Output the data below exactly as it is, dropping the pictures from your copy.
*** Opening of Information shown ***
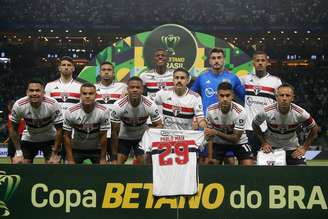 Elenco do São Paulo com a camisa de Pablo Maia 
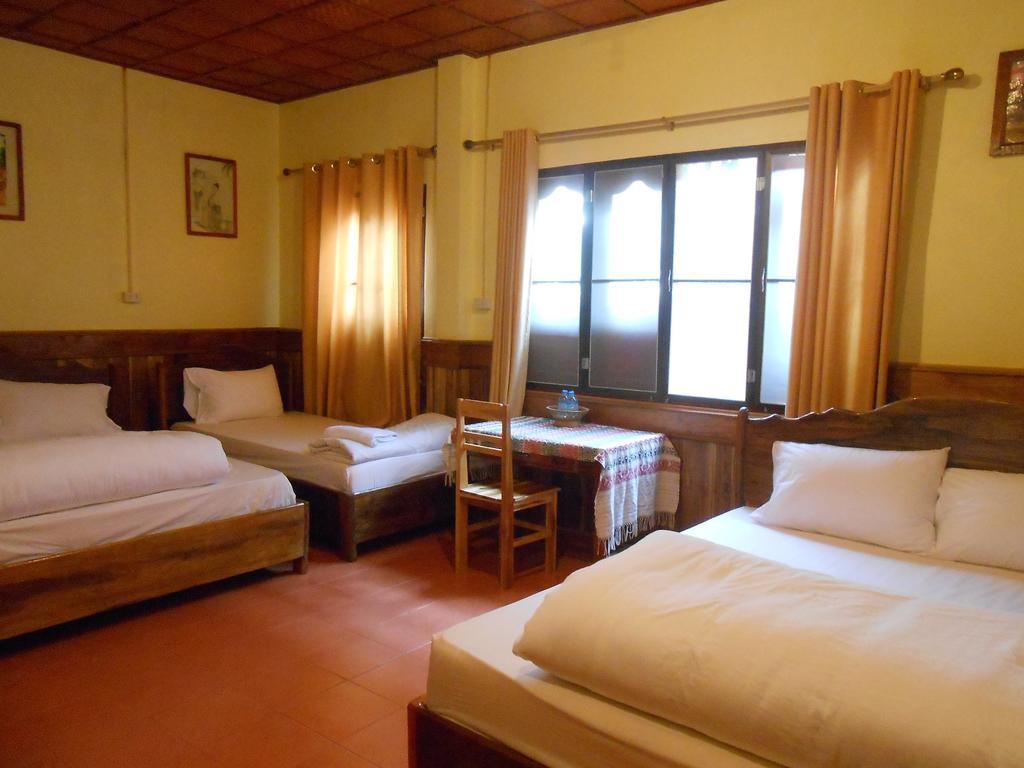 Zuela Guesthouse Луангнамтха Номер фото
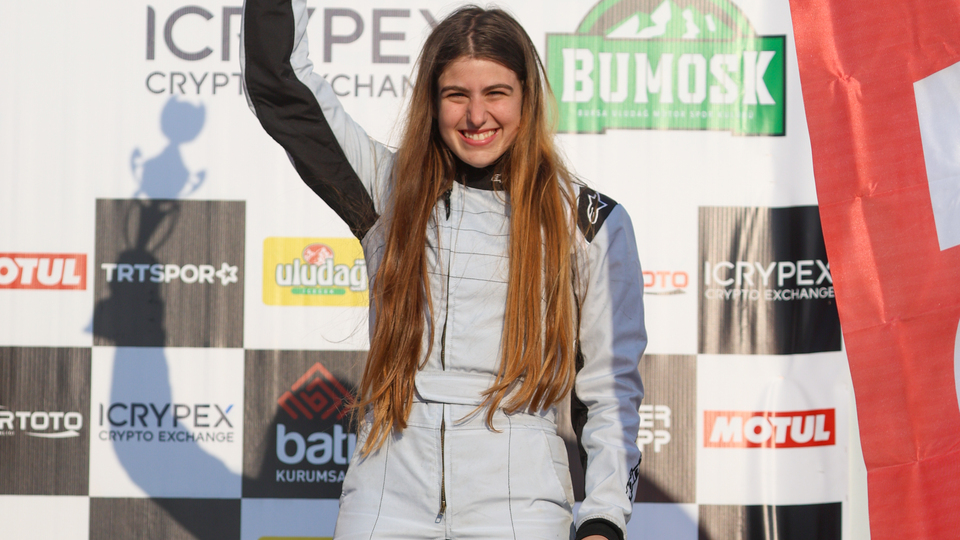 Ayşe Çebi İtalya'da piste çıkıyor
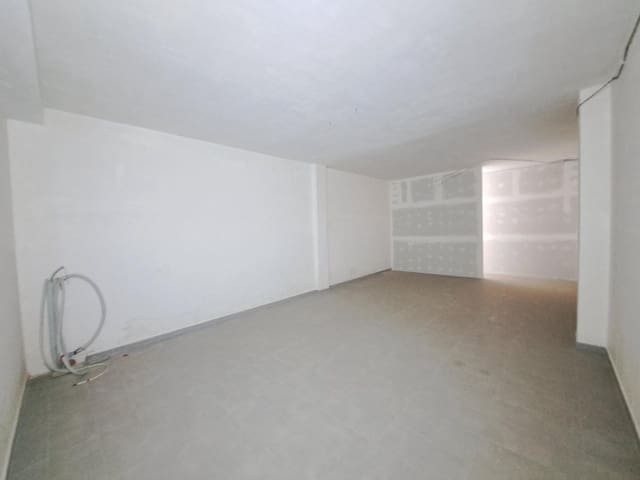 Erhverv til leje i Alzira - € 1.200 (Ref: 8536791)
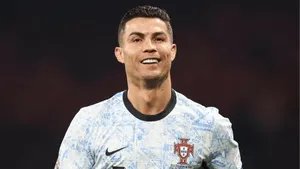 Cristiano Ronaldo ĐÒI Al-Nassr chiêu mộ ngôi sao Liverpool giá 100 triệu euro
*** Close of Information shown ***
▶ Answer area
 Elenco do São Paulo com a camisa de Pablo Maia 
 Zuela Guesthouse Луангнамтха Номер фото
 Ayşe Çebi İtalya'da piste çıkıyor
 Erhverv til leje i Alzira - € 1.200 (Ref: 8536791)
 Cristiano Ronaldo ĐÒI Al-Nassr chiêu mộ ngôi sao Liverpool giá 100 triệu euro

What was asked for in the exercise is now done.